→ **MATERIAL PROVIDED**:
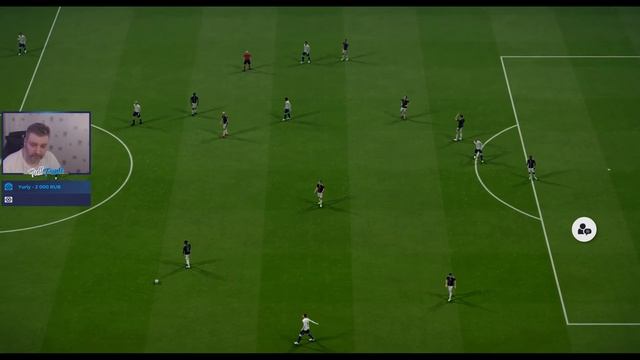 FIFA ONLINE 4. Стрим. Новое обновление - TOTS, Арена, добавление престижа. 1440p/60 Fps.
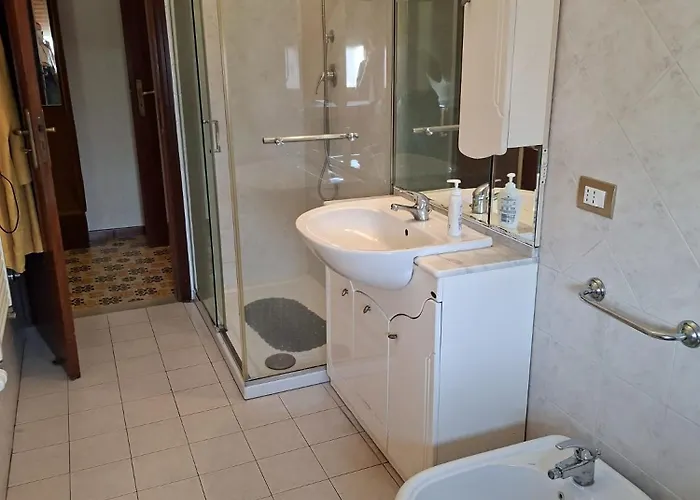 La Casa Di Titty Apartment *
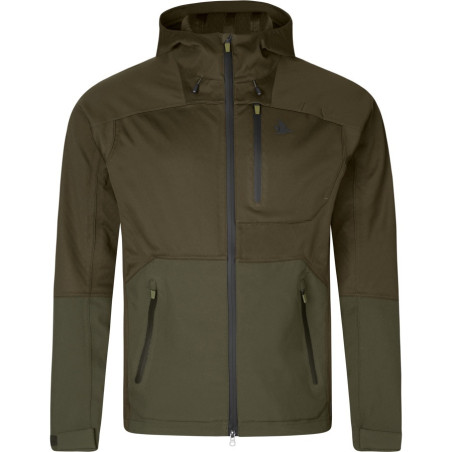 Veste de chasse Hawker Shell II Seeland 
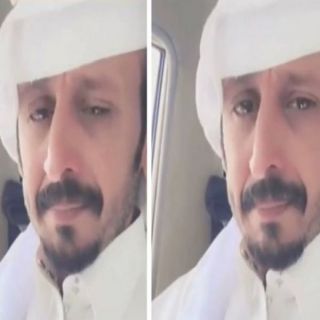 المؤثر برقان الغامدي يكشف تفاصيل وفاة أبنه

→ **TASK OBJECTIVE**:
Output the listing above exactly, but leave its pictures behind.

→ **FINISHED EXERCISE**:
 FIFA ONLINE 4. Стрим. Новое обновление - TOTS, Арена, добавление престижа. 1440p/60 Fps.
 La Casa Di Titty Apartment *
 Veste de chasse Hawker Shell II Seeland 
 المؤثر برقان الغامدي يكشف تفاصيل وفاة أبنه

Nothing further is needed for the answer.